# What connector will fit the grey waste outlet?



## trakweb (Nov 30, 2010)

We often stay on fully serviced sites and it would be useful to attach a hose to the vehicle to have "mains drainage".
Has anybody else achieved this and if so how?


----------



## 1943 (May 28, 2008)

Used a 1.5"BSP male to .5" hose connector from our local aquatics centre. Does restrict the flow to a trickle but if you're 'plumbed in' so what.

Bob


----------



## an99uk (May 12, 2005)

If parked not too far from the drain point you can use an old bicycle inner tube like we do.


----------



## Yaxley (Jul 25, 2008)

I bought a length of corrugated hose slightly bigger than the hose outlet and shove it on over it. It works for me.
Ian


----------



## TerryL (Feb 19, 2009)

As the waste pipe is internally threaded on my Bolero, I obtained a 1" outside threaded adapter from the local plumbers merchants and pushed on an old washing machine outlet pipe. Jubilee clip to keep it in place and I can now screw on the flexible drain pipe to reach wherever I have to.
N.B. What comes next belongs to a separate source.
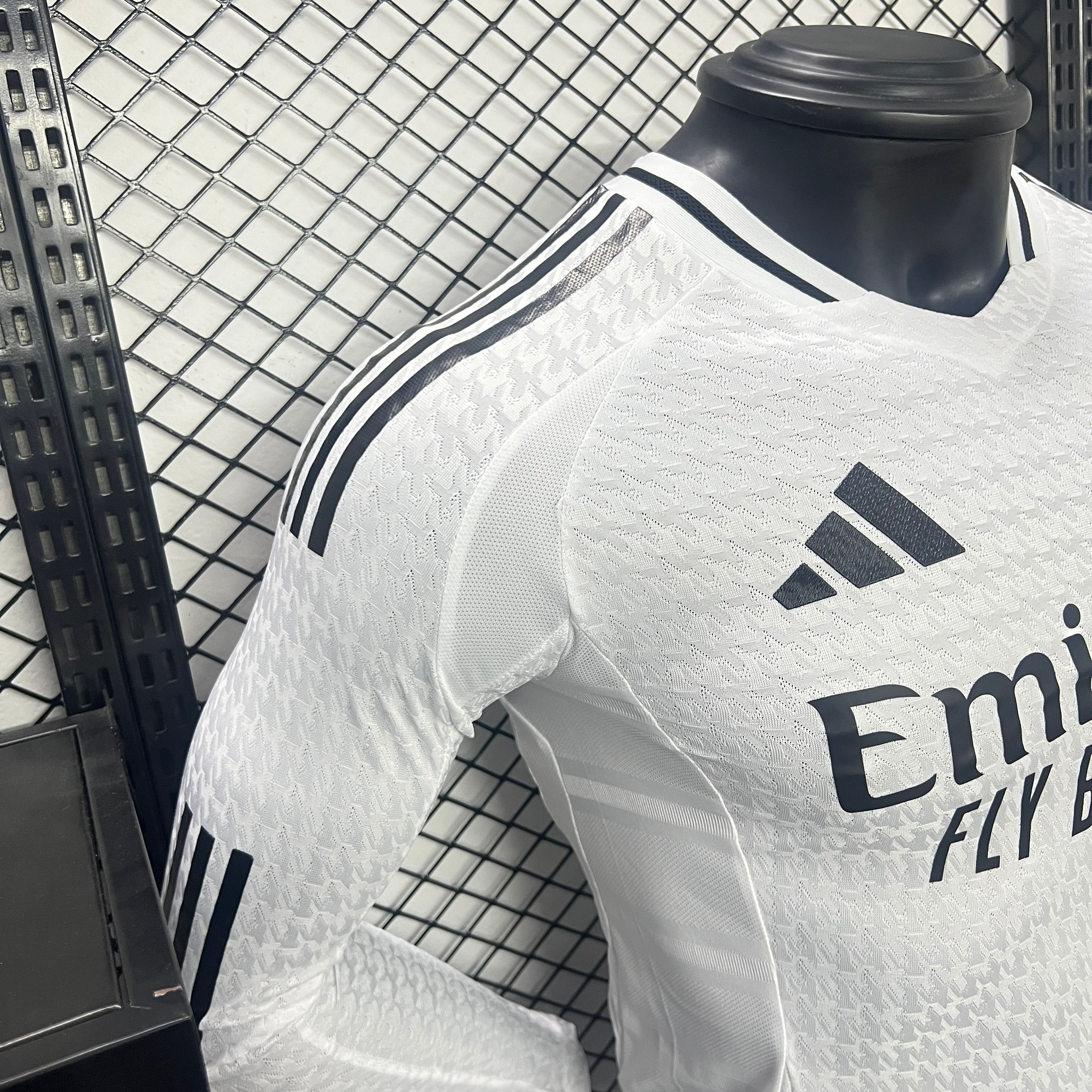 Real Madrid 24-25 Home Long Sleeve Jersey - Player Version - SOCCERDEALSHOP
Make sure it's empty though when you take it off.........


----------



## lgbzone (Oct 8, 2008)

I don't have a hobby and i don't know the size/style of your outlet, but if you scroll down to the bottom of the page linked to below; you'll see pictures etc of my solution to the same issue.

< thread here >

HTH


----------



## Mikeclaire (Jun 27, 2012)

Yaxley said:


> I bought a length of corrugated hose slightly bigger than the hose outlet and shove it on over it. It works for me.
> Ian


X2


----------



## rugbyken (Jan 16, 2006)

As others have said depends on the van my old c I had a guillotine valve under the centre of the van and a 11/2 " waste fitting wedged in nicely saved manouvering to get over the drain , one of the first adaptions I did on the Bessie was to alter the waste a 3/4" overflow adapter screwed in to the valve and I can either turn this down into a container or add a length of large bore hose to run to a drain


----------



## rugbyken (Jan 16, 2006)

As others have said depends on the van my old c I had a guillotine valve under the centre of the van and a 11/2 " waste fitting wedged in nicely saved manouvering to get over the drain , one of the first adaptions I did on the Bessie was to alter the waste a 3/4" overflow adapter screwed in to the valve and I can either turn this down into a container or add a length of large bore hose to run to a drain


----------